Definitions of borders
Welcome to CWAnswers
CWAnswers is your guide to the sprawling world wide web. The directory aims to provide a useful guide made by users. You can share your knowledge as well - simply sign up and edit your first entry. For questions just contact the team at support - at - cwanswers.com.
Weblinks for Borders
Top 10 for Borders
Things about Borders you find nowhere else.
Select content modules
Border Blog: Balancing Trade, Travel, and Security at the Borders ...

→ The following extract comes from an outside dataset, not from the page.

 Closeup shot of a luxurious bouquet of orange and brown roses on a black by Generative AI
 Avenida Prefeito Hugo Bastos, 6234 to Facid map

For over 20 years the Border Trade Aliiance has been advocating for trade to ... opinions of individual BTA Border Blog contributors don't necessarily reflect ...www.thebta.org/content/Border Blog
Border Blog. Monday, October 27, 2008. Chicagoborderblog.blogspot.com. Make ... rights abuses on the Arizona/Sonora border mentioned in previous blog postings. ...chicagoborderblog.blogspot.com/The Humane Borders Blog
Humane Borders, motivated by faith, offers humanitarian assistance to those in ... running CampusTap, a sort of blog/calendar/meetup site for Harvard University ...humanebordersblogged.blogspot.com/Beyond Borders Sri Lanka
Identity. Diversity. Active Global Citizenship ... More about youth policies on this blog includes posts titled, "young people are ...beyondborders.wordpress.com/Wine Without Borders
Wine Without Borders. Blog Home Page. SWRA Home Page. Getting the Facts Straight in Michigan ... ShipCompliant Wine Shipping Blog. Spittoon. The Good Grape ...www.specialtywineretailers.org/blog/
Definitions of borders
In the past many borders were not clearly defined lines, but were neutral zones called marchlands. This has been reflected in recent times with the neutral zones that were set up along part of Saudi Arabia's borders with Kuwait and Iraq (however, these zones no longer exist). In modern times the concept of a marchland has been replaced by that of the clearly defined and demarcated border.

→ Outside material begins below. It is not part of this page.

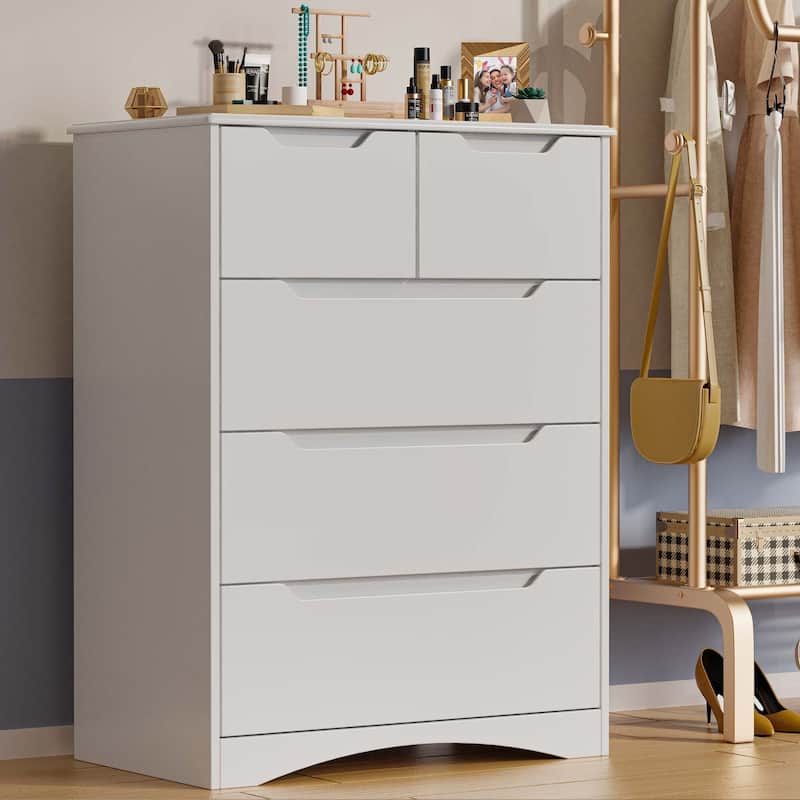 3/4/5/6 Drawer Dresser, Chest of Drawers with Large Storage, Tall Dresser and Organizer Wooden Cabinet - White - 5-drawer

For the purposes of border control, airports and seaports are also classed as borders. Most countries have some form of border control to restrict or limit the movement of people, animals, plants, and goods into or out of the country. Under international law, each country is generally permitted to define the conditions which have to be met by a person to legally cross its borders by its own laws, and to prevent persons from crossing its border when this happens in violation of those laws.
In order to cross borders, the presentation of passports and visas or other appropriate forms of identity document is required by some legal orders. To stay or work within a country's borders aliens (foreign persons) may need special immigration documents or permits that authorise them to do so.
Moving goods across a border often requires the payment of excise tax, often collected by customs officials. Animals (and occasionally humans) moving across borders may need to go into quarantine to prevent the spread of exotic or infectious diseases. Most countries prohibit carrying illegal drugs or endangered animals across their borders. Moving goods, animals or people illegally across a border, without declaring them, seeking permission, or deliberately evading official inspection constitutes smuggling.
Border economics
The presence of borders often fosters certain economic features or anomalies. Wherever two jurisdictions come into contact, special economic opportunities arise for border trade. Smuggling provides a classic case; contrariwise, a border region may flourish on the provision of excise or of import–export services — legal or quasi-legal, corrupt or corruption-free. Different regulations on either side of a border may encourage services to position themselves at or near that border: thus the provision of pornography, of prostitution, of alcohol and/or of narcotics may cluster around borders, city limits, county lines, ports and airports. In a more planned and official context, Special Economic Zones (SEZs) often tend to cluster near borders or ports.
Human economic traffic across borders (apart from kidnapping), may involve mass commuting between workplaces and residential settlements. The removal of internal barriers to commerce, as in France after the French Revolution or in Europe since the 1940s, de-emphasises border-based economic activity and fosters free trade. Euroregions are similar official structures built around commuting across borders.